Thursday, March 3, 2011

The promise and fear of an assembly line for knowledge work

Last week, together with Amanda Michel from ProPublica, we were presenting at the CAR 2011 conference (CAR stands for Computer-Assisted Reporting), on how to best use Mechanical Turk for a variety of tasks pertaining to data-driven journalism.

We discussed issues of quality assurance, how TurkIt-like workflow-based tasks can generate nice outcomes, and briefly touched upon the CrowdForge work from Niki Kittur and the team at CMU, showing that crowdsourcing can potentially generate intellectual outcomes comparable to those of trained humans.

The discussion after the session was a mix of excitement and fear. We have observed in the past how "assembly line" work for industrial production lead to massive productivity improvements and was the basis for much of the progress in the 19th and 20th century. But that was for mechanical work. Yes, it replaced centuries old crafts of the blacksmiths, carpenters, potters, but that was just part of progress.

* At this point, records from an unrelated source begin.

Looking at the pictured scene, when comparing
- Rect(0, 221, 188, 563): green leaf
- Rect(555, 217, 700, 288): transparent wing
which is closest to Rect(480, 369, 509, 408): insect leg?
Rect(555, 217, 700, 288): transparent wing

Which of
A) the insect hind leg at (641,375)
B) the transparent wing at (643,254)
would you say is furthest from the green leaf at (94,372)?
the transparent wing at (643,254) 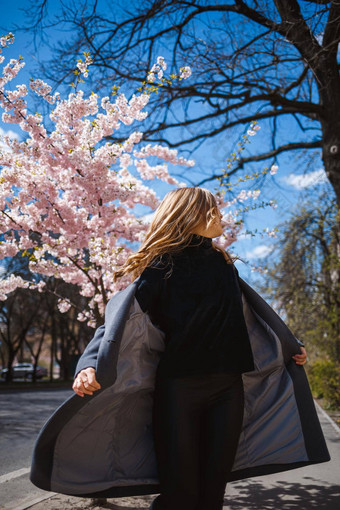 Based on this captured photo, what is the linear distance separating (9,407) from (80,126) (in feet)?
32.3

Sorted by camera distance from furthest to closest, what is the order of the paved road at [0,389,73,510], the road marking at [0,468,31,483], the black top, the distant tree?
1. the distant tree
2. the road marking at [0,468,31,483]
3. the paved road at [0,389,73,510]
4. the black top

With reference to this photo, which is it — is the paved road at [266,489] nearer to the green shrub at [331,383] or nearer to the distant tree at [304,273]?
the green shrub at [331,383]

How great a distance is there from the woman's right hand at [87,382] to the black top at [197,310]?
33 centimetres

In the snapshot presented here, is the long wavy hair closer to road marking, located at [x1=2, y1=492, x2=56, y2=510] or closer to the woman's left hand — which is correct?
the woman's left hand

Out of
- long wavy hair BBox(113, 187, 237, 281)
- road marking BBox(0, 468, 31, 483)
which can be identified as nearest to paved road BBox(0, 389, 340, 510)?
road marking BBox(0, 468, 31, 483)

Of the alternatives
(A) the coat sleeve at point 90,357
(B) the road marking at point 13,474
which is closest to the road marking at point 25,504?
(B) the road marking at point 13,474

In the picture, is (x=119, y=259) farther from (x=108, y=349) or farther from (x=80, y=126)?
(x=108, y=349)

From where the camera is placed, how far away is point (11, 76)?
5.12 metres

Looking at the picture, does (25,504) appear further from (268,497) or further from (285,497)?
(285,497)

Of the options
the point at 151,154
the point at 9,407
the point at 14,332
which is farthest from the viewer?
the point at 14,332

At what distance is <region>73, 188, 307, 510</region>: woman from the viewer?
1.99 metres

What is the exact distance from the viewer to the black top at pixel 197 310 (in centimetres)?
204

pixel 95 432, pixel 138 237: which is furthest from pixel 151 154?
pixel 95 432

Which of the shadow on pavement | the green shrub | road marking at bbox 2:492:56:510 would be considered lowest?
the shadow on pavement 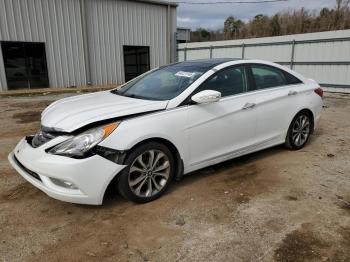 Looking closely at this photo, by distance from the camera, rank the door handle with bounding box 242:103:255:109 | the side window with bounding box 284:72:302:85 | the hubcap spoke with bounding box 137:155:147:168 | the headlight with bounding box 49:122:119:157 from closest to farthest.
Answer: the headlight with bounding box 49:122:119:157, the hubcap spoke with bounding box 137:155:147:168, the door handle with bounding box 242:103:255:109, the side window with bounding box 284:72:302:85

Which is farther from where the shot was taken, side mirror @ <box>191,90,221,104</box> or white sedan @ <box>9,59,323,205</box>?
side mirror @ <box>191,90,221,104</box>

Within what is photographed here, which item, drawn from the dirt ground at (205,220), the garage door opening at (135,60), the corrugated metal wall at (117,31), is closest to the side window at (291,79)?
the dirt ground at (205,220)

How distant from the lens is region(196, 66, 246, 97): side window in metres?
3.86

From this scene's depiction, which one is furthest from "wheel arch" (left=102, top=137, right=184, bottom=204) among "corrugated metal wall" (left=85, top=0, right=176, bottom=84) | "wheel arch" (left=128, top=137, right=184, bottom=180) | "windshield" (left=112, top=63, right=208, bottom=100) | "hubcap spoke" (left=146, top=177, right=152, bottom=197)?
"corrugated metal wall" (left=85, top=0, right=176, bottom=84)

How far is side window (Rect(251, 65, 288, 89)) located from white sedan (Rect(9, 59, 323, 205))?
0.02 m

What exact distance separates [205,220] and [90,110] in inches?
63.3

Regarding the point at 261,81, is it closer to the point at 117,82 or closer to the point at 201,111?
the point at 201,111

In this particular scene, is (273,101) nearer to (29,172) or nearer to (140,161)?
(140,161)

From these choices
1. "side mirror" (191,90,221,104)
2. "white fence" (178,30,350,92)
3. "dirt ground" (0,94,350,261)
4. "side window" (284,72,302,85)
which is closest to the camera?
"dirt ground" (0,94,350,261)

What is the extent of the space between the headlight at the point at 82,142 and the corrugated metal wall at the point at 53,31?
495 inches

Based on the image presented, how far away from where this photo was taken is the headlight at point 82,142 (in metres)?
2.90

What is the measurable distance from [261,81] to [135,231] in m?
2.78

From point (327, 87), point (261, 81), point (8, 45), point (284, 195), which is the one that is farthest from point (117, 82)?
point (284, 195)

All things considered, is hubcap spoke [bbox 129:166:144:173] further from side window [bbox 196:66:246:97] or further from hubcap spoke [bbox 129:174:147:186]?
side window [bbox 196:66:246:97] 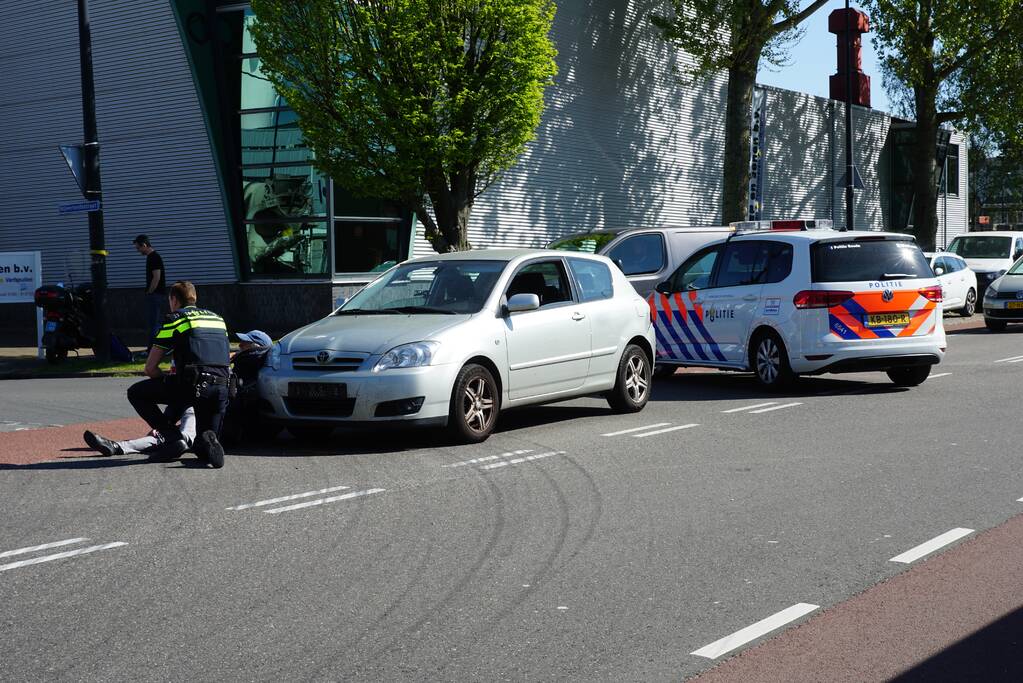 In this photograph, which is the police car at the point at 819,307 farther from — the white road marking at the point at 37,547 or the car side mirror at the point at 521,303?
the white road marking at the point at 37,547

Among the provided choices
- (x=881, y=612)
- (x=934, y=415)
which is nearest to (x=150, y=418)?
(x=881, y=612)

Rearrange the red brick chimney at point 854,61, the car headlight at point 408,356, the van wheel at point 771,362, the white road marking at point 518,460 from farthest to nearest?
the red brick chimney at point 854,61 < the van wheel at point 771,362 < the car headlight at point 408,356 < the white road marking at point 518,460

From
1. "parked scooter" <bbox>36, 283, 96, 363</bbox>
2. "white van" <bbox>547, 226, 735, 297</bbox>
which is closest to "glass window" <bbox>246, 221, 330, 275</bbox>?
"parked scooter" <bbox>36, 283, 96, 363</bbox>

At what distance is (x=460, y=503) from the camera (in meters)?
8.06

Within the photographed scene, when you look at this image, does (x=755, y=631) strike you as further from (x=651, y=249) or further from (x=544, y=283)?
(x=651, y=249)

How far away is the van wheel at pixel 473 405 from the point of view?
414 inches

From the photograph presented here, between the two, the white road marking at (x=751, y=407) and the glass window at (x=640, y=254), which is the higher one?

What happens if we see now the assembly line extended into tasks that were traditionally considered creative and intellectual in nature? What would be the effect of an assembly line for knowledge work?

A few months back, I quoted Marx and Engels who, back in 1848, wrote in their Communist manifesto:
the work of the proletarians has lost all individual character, and, consequently, all charm for the workman. ... [The workman] becomes an appendage of the machine, and it is only the most simple, most monotonous, and most easily acquired knack, that is required of him
(Btw, TIME magazine liked that connection enough to put it into their own article about Mechanical Turk.)

But how likely it is to see this style of work to be extended further in the intellectual field? Are these Mechanical Turk experiments something generalizable, or just cute proof-of-concept experiments?

I was reminded of this question today, when I realized that many intellectual tasks are already commoditized:

The article "Inside the multimillion-dollar essay-scoring business: Behind the scenes of standardized testing" gives a dreadful view of now essays are being scored for the standardized tests.

Based on the description of the article, the (human-based) scoring process "goes too fast; relies on cheap, inexperienced labor; and does not accurately assess student learning." Needless to say, the workers were not exactly enthusiastic about their work. Match that with the computer-assisted scoring of essays, and you have an MTurk-like environment for much more intellectually-demanding tasks...

After reading this essay-scoring mill story, I started feeling a little bit uneasy. The MTurk-style work seems too far away to be in my future, so the discussion is always, ahem, academic. But the essay scoring brought the concept a little bit too close for comfort.